Stored items:
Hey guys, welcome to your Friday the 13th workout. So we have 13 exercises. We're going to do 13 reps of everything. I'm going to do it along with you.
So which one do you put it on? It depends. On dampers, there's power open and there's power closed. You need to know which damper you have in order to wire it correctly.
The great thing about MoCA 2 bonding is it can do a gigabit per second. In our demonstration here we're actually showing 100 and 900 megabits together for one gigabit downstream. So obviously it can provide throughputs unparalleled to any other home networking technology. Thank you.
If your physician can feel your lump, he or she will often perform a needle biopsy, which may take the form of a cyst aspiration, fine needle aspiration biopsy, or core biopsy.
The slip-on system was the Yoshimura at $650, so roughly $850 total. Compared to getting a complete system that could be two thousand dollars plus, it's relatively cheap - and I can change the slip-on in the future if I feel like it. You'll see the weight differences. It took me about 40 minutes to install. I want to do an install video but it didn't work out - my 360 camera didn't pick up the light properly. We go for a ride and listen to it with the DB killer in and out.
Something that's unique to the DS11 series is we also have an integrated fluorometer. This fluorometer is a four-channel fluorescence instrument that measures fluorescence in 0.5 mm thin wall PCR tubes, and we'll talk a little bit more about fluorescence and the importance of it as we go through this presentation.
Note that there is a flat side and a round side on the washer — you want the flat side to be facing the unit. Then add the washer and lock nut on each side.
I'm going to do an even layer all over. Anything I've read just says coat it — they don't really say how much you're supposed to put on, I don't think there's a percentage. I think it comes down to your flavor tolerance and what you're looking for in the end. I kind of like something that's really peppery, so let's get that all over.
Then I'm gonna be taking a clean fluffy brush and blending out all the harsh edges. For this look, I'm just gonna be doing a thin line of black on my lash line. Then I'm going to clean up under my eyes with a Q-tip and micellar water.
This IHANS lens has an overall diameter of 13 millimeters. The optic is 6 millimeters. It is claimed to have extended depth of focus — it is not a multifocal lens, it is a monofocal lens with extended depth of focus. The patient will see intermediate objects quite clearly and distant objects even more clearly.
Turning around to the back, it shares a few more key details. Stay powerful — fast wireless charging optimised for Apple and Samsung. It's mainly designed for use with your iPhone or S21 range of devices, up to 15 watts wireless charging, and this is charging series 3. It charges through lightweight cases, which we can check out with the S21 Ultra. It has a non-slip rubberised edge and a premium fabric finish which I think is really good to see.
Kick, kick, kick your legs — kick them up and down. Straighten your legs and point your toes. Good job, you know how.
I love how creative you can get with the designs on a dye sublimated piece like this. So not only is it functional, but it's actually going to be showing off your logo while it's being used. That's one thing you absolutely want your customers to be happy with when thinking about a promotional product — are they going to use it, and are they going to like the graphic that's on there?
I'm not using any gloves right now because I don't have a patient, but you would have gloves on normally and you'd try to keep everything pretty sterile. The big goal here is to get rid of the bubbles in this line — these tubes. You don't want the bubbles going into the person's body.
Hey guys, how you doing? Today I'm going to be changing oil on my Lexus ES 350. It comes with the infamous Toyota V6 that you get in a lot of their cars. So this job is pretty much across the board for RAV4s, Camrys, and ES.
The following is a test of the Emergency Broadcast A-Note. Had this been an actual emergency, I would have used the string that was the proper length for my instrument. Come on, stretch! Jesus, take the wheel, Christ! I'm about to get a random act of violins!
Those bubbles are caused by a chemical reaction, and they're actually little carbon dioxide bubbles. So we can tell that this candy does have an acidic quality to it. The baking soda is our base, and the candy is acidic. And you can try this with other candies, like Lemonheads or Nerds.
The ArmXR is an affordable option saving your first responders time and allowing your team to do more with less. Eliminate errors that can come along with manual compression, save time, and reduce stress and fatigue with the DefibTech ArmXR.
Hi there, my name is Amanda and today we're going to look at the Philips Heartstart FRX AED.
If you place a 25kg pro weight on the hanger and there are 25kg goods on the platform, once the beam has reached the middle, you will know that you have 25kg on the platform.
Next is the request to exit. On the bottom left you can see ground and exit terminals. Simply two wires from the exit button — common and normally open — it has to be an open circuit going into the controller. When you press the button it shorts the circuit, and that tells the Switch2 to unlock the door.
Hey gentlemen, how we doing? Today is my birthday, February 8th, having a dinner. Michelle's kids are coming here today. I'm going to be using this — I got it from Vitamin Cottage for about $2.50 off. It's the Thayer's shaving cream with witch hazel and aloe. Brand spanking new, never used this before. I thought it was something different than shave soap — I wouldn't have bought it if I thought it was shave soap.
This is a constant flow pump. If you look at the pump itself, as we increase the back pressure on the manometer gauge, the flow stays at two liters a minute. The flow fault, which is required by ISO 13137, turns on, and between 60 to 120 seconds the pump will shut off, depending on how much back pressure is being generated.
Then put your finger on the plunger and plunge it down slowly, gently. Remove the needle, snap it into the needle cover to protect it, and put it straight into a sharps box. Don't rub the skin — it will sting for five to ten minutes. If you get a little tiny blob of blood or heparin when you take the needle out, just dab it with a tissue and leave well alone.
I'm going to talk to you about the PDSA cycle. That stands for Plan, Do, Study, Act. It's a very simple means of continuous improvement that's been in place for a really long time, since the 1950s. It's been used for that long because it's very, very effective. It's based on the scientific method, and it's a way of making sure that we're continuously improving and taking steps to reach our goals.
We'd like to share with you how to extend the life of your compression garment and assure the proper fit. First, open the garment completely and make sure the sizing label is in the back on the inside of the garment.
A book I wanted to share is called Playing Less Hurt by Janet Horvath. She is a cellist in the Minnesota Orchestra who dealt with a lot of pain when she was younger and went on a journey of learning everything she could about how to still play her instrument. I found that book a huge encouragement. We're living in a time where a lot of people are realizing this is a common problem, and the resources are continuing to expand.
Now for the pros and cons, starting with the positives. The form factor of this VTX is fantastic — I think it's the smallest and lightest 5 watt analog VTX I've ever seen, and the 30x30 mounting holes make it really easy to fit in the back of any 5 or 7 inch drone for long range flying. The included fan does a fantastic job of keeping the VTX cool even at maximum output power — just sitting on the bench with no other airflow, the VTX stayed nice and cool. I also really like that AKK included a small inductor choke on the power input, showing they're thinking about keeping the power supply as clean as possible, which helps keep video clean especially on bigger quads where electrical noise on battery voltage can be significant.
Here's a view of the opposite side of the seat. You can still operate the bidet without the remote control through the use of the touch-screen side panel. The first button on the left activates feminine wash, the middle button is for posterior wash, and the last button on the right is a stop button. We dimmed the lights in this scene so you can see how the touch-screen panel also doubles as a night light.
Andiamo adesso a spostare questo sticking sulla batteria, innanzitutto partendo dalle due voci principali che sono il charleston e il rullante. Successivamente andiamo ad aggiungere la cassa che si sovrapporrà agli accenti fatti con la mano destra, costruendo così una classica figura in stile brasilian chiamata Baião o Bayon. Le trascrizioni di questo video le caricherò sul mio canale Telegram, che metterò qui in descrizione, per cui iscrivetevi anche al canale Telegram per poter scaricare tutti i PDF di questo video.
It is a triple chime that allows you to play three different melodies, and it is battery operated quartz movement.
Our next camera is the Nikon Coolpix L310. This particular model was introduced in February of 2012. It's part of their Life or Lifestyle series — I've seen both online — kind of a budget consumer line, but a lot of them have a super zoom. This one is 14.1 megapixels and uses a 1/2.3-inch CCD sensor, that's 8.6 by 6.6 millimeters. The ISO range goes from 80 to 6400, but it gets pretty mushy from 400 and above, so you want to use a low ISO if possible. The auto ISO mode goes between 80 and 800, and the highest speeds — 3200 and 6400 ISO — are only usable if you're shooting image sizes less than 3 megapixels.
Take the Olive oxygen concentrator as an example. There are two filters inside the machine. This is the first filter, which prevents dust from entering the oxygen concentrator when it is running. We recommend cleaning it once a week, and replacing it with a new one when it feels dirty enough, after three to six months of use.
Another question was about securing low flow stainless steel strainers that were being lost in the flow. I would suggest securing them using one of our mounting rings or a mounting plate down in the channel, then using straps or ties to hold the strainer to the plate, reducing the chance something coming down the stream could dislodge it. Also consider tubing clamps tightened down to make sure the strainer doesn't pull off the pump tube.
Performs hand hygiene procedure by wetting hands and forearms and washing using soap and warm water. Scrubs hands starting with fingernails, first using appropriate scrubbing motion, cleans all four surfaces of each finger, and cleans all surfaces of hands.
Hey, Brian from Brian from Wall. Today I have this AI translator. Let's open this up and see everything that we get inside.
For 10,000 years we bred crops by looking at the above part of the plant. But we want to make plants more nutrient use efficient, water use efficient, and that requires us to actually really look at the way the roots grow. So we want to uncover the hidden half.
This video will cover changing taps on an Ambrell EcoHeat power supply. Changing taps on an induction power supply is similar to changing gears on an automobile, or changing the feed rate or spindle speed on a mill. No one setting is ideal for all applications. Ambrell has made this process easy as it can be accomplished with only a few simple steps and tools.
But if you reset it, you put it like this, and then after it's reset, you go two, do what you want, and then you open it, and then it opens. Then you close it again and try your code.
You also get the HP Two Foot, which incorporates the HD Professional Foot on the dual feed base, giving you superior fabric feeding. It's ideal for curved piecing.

> [TASK REQUIREMENTS]: Retype the records above, but only those lines that fall between the line containing "Take the Olive" and the line containing "Hey, Brian from", with both of those lines included, exactly as written.

> [SOLVED PROBLEM]:
Take the Olive oxygen concentrator as an example. There are two filters inside the machine. This is the first filter, which prevents dust from entering the oxygen concentrator when it is running. We recommend cleaning it once a week, and replacing it with a new one when it feels dirty enough, after three to six months of use.
Another question was about securing low flow stainless steel strainers that were being lost in the flow. I would suggest securing them using one of our mounting rings or a mounting plate down in the channel, then using straps or ties to hold the strainer to the plate, reducing the chance something coming down the stream could dislodge it. Also consider tubing clamps tightened down to make sure the strainer doesn't pull off the pump tube.
Performs hand hygiene procedure by wetting hands and forearms and washing using soap and warm water. Scrubs hands starting with fingernails, first using appropriate scrubbing motion, cleans all four surfaces of each finger, and cleans all surfaces of hands.
Hey, Brian from Brian from Wall. Today I have this AI translator. Let's open this up and see everything that we get inside.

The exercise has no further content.